No bit player is Subaru and it's a company that is very serious about modern motoring neeeds.
And just like Audi with its quattro all-wheel-drive system it's not only about grip and traction when the going gets tough.
In many ways 4x4 is more about on-road handling and that is something to which Subaru cars are no stranger.
Flashback to Subaru's dominance of the world rallye scene with the legendary Impreza and that is proof enough.
The latest Subaru to don the racing mantle is the Levorg GT - which will be slugging it out on the track in this year's British Touring Car Championship.
But to comply with regulations, the BTCC Levorg is converted to rear-wheel-drive so it has no unfair advantage.
That speaks volumes about the benefits of 4WD which gives any car an added edge and it's a standard feature on all Subaru road cars.
As such, the Levorg is a splendid performer with top flight handling and as sure-footed as they come.
The Levorg is a potent-looking, medium-sized estate car its looks dominated by a huge air scoop on the bonnet just like the Impreza of old.
It's powered by a 1.6-litre Boxer flat four engine turbocharged to deliver 170ps which is good enough for a 0 to 60 acceleration of 8.9 seconds and a top speed of 130mph.
With the likes of four-wheel-drive derivatives of the Skoda Octavia estate, the SEAT Leon ST and the Audi A4 all well established, the Subaru faces stiff competition.
Moreover, there's no diesel in the Levorg line up but realistically that is not a handicap.
Subaru claims the Levorg can return 39.8mpg with emissions of 164g/km and it is one of the few car makers whose fuel consumption figures bear resemblance to real world driving.
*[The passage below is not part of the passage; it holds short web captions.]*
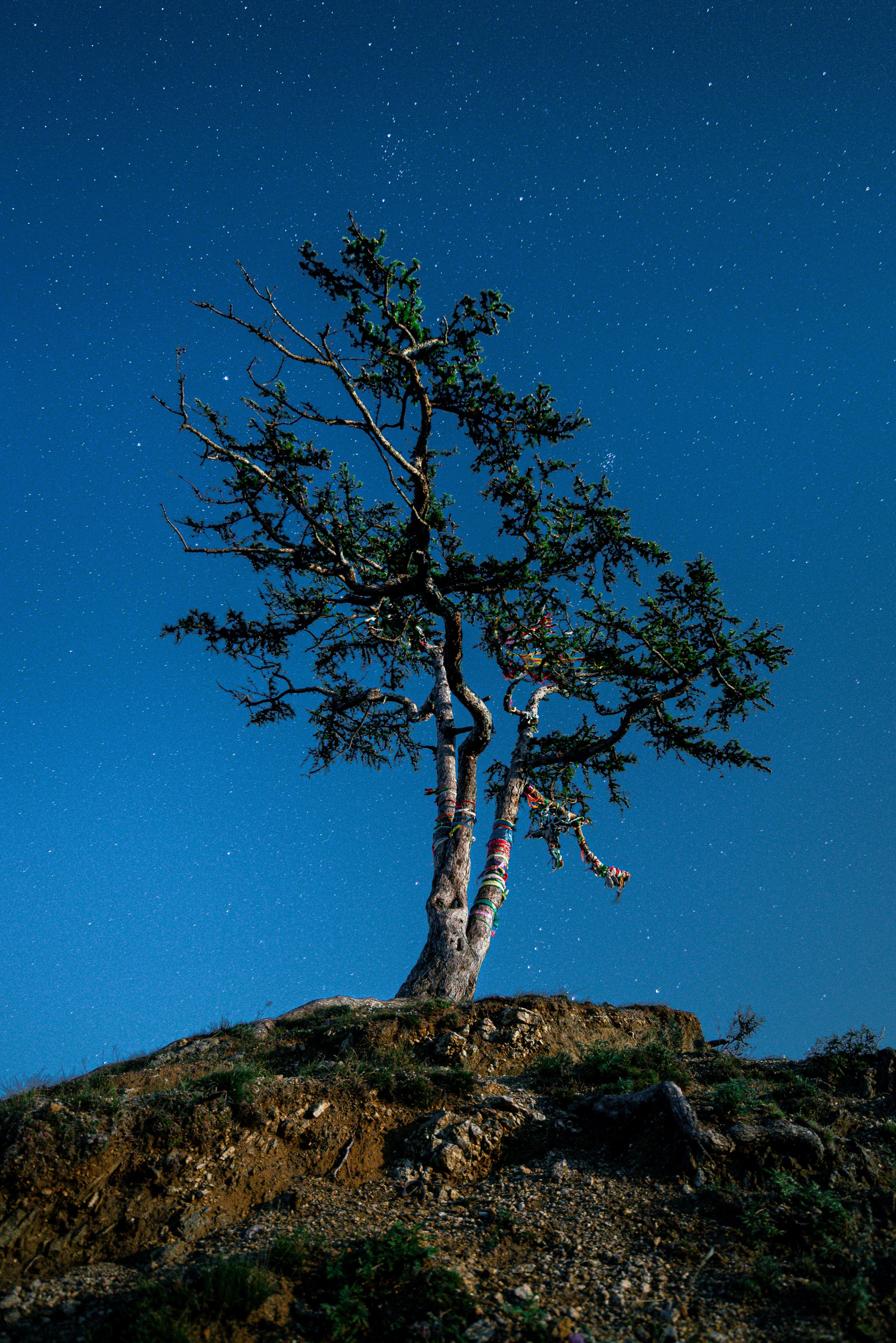 Nature Photos. Commercial photographer | Anton Ermakov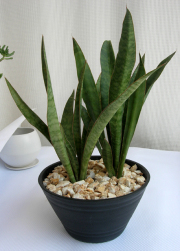 サンスベリア・ヒヤシントイデス　セラアート鉢観葉植物通販・販売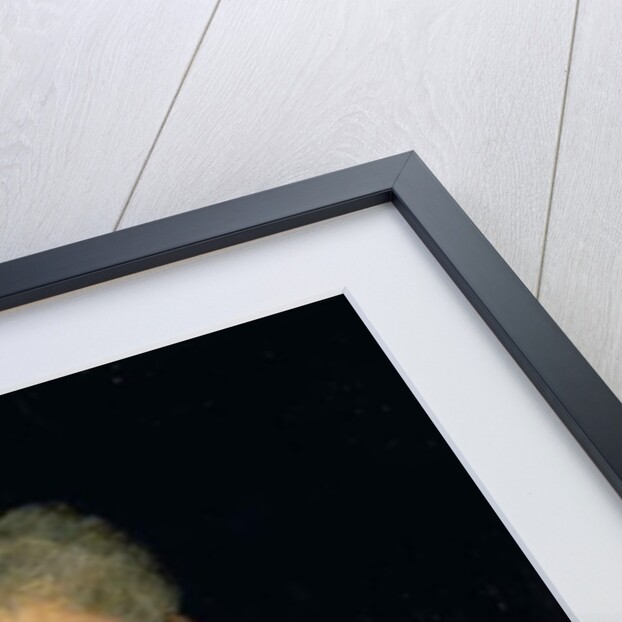 Possibly a portrait of Major General Lachlan Macquarie, Governor of New South Wales 1809-21, the 'Father of Australia', c.1805 by John Opie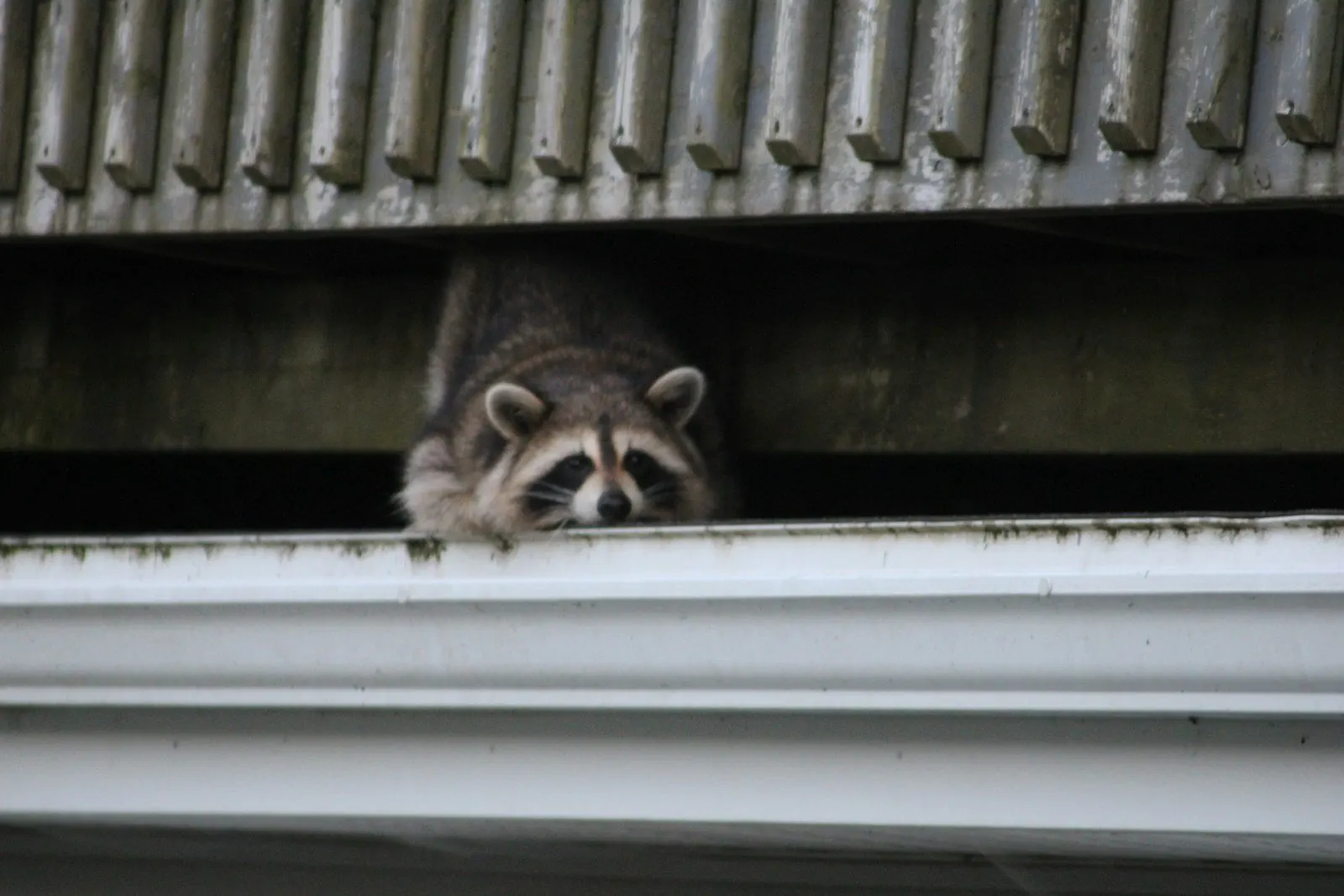 Raccoon near a Lakeland, FL attic vent - wildlife removal and exclusion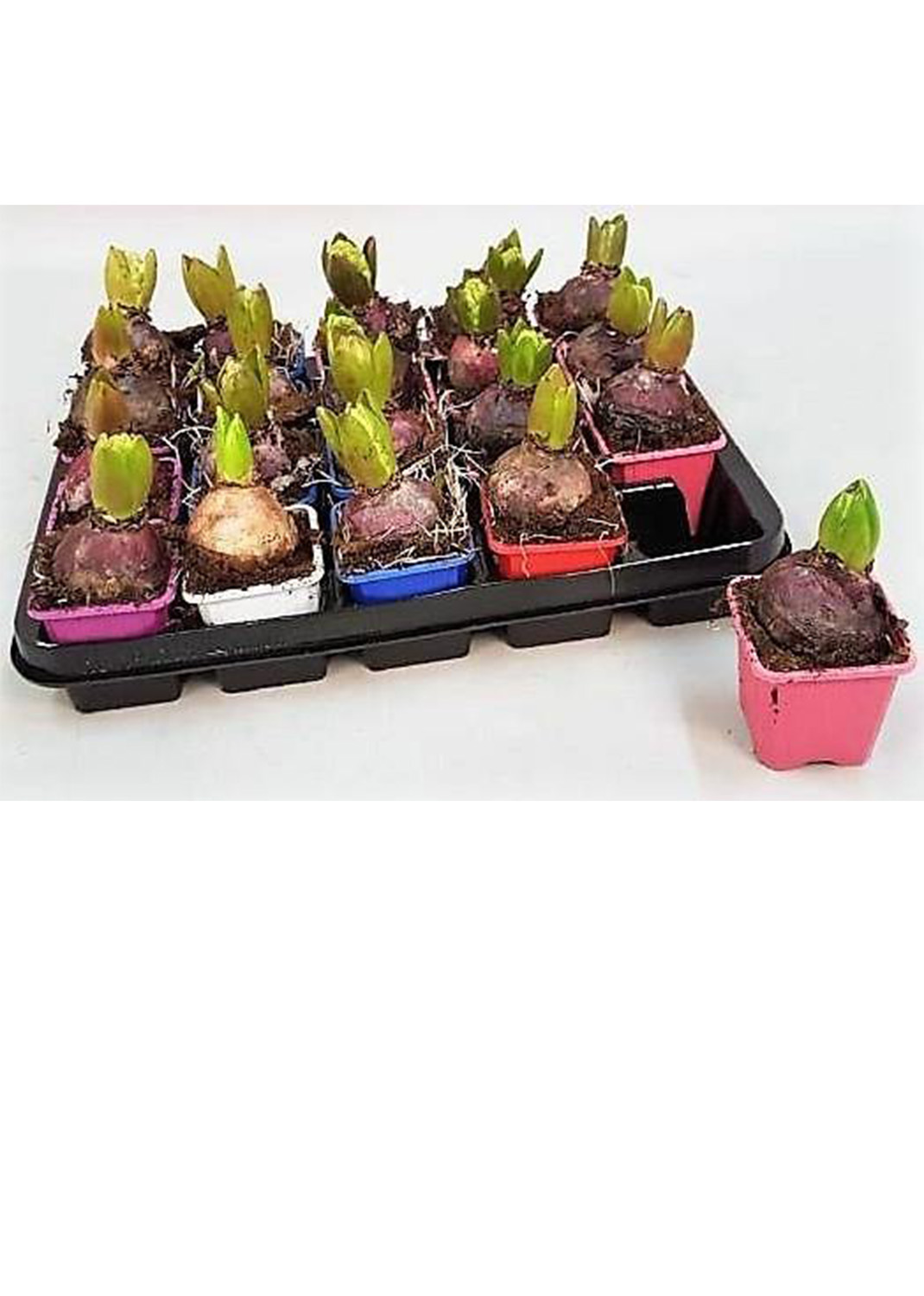 Hyacinth Bulb Fragrance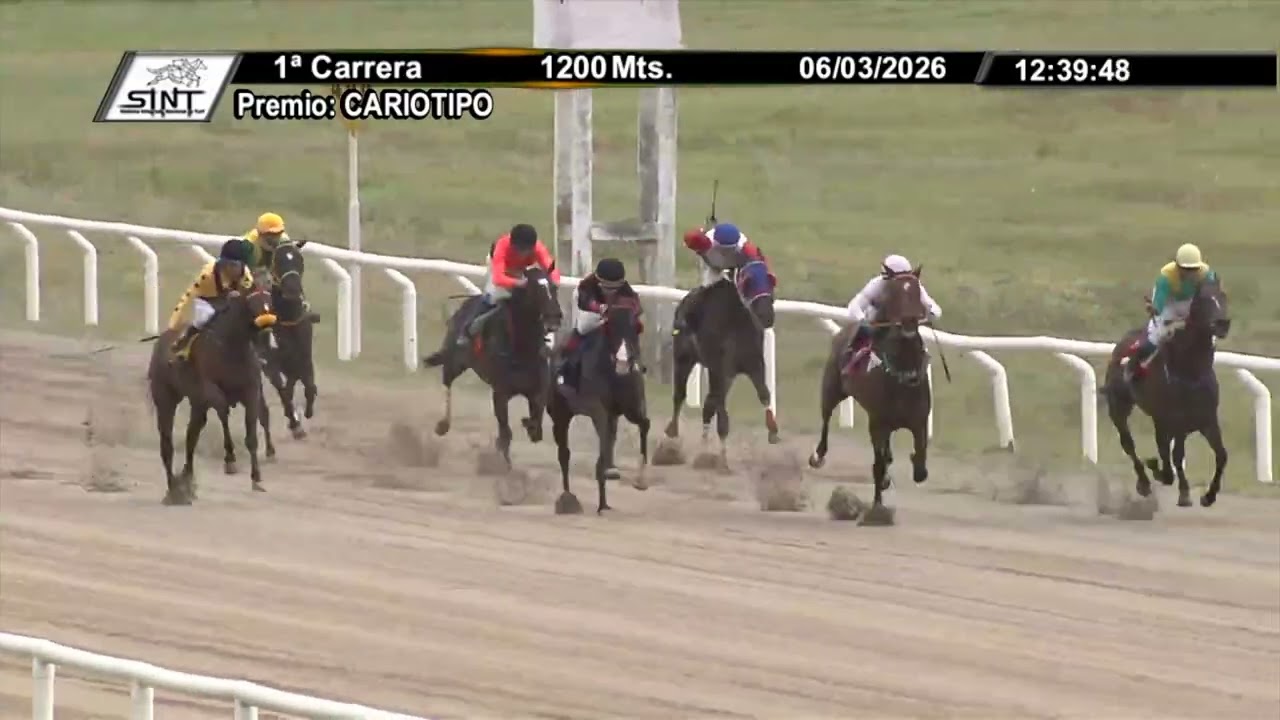 3/6/2026 – Hipodromo Colonia – Carr 1 – CARIOTIPO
In fact on our run in the Levorg we saw an average of 41 to the gallon and the bonus of petrol power is not only that it's cheaper at the pumps but it also makes for a smoother sounding engine.
The Levorg is a one-model car that is priced at Â£29,680 and comes fully loaded with the latest models now fitted with Subaru's award-winning EyeSight safety systems which uses forward facing stereo cameras mounted either side of the rear view mirror to read the road ahead.
The advantage over similar radar/laser set ups is that it can distinguish colours and shapes with considerable accuracy enabling the car to react more effectively.
Not only does it provide pre-collision warning managing the throttle automatically before braking if necessary, it can also spot cyclists, work out whether a pedestrian is a child or an adult and detect brake lights.
It will even stop the car moving forward if there's an object in the way - select drive mistakenly when parked facing a wall and the risk of an unintentional collision is eliminated.
Other safety systems include blind spot and rear cross traffic monitors plus lane departure warning while adaptive cruise control is also fitted along with a multi-mode drive system to get the best from its six speed Lineartronic gearbox that is possibly the best CVT set up currently available.
Use it manually and the changes are swift and positive with no feeling of surge whatsoever.
Leather upholstery, heated front seats, ultra-bright LED headlamps are all included and so is Subaru's Starlink connectivity and navigation system operated via a seven-inch touchscreen.
Realistically, the Levorg has replaced the Legacy estate in the Subaru stable and sits below the slightly more heavy duty Outback yet it does not shirk on load carrying.
Luggage space ranges from 522 to 1,446 litres and it is fitted with an underfloor compartment in the boot. Towing is limited to 1.5 tonnes.
The Levorg is fully equipped in every department and even though the latest model sees a price rise of more than £2,000 over the previous version it still stacks up incredibly well, especially with the introduction of the EyeSight system.
Factor in its sure-footedness, healthy performance and sensible economy and there's little not to like.